Compliance: Required as indicated, unless accomplished previously.
To prevent fatigue failure of a TT strap, loss of a main rotor blade, and subsequent loss of control of the helicopter accomplish the following:
(a) Before further flight:
(1) Create a component log card or equivalent record for each TT strap.
(2) Review the history of each helicopter and TT strap. Determine the age since initial installation on any helicopter (age) and the number of flights on each affected TT strap. Enter the age, hours time-in-service (TIS), and the number of flights for each TT strap on the component log card or equivalent record. When the number of flights is unknown, multiply the number of hours TIS by 5 to determine the number of flights. If a TT strap has been previously used at any time on Model BO-105LS A-3 `SUPER LIFTER”, BO-105 CB-5, BO-105 CBS-5, BO-105 DBS-5, or any MBB-BK 117 series helicopter, multiply the total number of flights accumulated on those other models by a factor of 1.6 and then add that result to the number of flights accumulated on the helicopters affected by this AD.

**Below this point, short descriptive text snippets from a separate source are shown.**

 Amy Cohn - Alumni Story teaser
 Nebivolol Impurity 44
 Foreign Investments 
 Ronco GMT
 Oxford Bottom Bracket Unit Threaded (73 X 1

(3) Remove any TT strap from service if the total hours TIS or number of flights and age cannot be determined.
(b) Remove any TT strap, P/N 2604067 (Bendix) or P/N J17322-1 (Lord), that has been in service for 120 months since initial installation on any helicopter, or has accumulated 25,000 flights (a flight is a takeoff and a landing), or has been in service for 3,800 hours TIS.

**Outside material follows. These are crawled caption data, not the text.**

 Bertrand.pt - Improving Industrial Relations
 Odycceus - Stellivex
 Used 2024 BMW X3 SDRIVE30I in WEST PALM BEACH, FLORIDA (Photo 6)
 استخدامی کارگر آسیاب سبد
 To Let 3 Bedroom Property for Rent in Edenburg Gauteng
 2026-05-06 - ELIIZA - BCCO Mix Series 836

(c) This AD revises the Airworthiness Limitations Section of the maintenance manual by establishing a revised life limit for the TT strap, P/N 2604067 (Bendix) or P/N J17322-1 (Lord), of 120 months, 25,000 flights, or 3,800 hours TIS, whichever occurs first.
Note 1: Eurocopter Canada Limited Alert Service Bulletin No. ASB-BO 105 LS-10-10, Revision 1, dated January 8, 2008, which is not incorporated by reference, contains additional information about the subject of this AD.

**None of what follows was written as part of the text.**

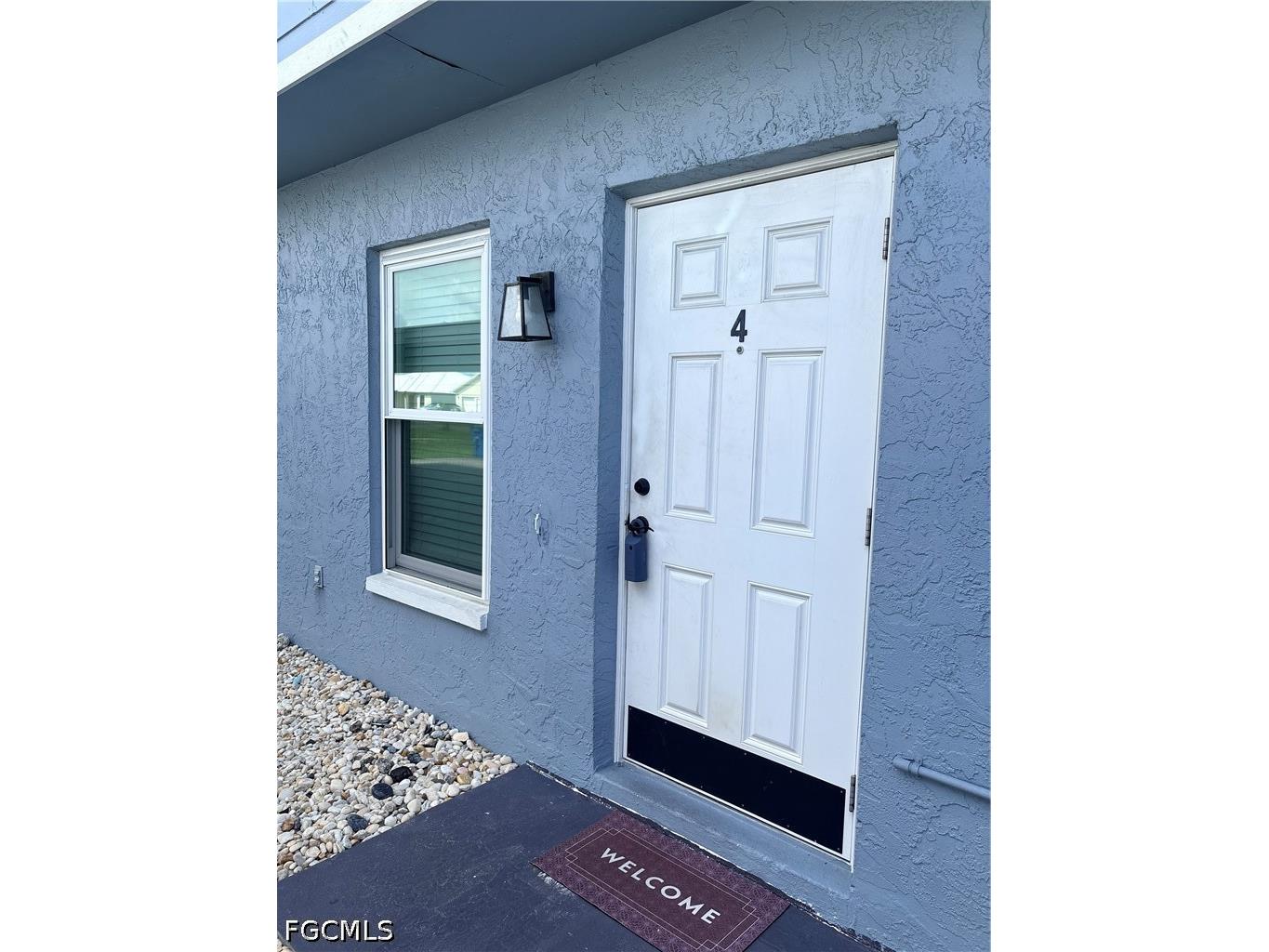 4520 SW 8th Place #4 Cape Coral FL 33914 2026031542 image5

(d) To request a different method of compliance or a different compliance time for this AD, follow the procedures in 14 CFR 39.19. Contact the Manager, Safety Management Group, FAA, ATTN: Sharon Miles, Aviation Safety Engineer, FAA, Rotorcraft Directorate, Regulations and Policy Group, 2601 Meacham Blvd., Fort Worth, Texas 76137, telephone (817) 222-5122, fax (817) 222-5961, for information about previously approved alternative methods of compliance.
(e) The Joint Aircraft System/Component (JASC) Code is 6200: Main Rotor System.
Note 2: The subject of this AD is addressed in Transport Canada (Canada) AD No. CF-2008-17R1, dated May 26, 2008. The European Aviation Safety Agency, which is the Technical Agent for the current type certificate holder, the Federal Republic of Germany, has adopted and requires compliance with the Transport Canada AD.
Issued in Fort Worth, Texas, on June 3, 2011.
Manager, Rotorcraft Directorate, Aircraft Certification Service.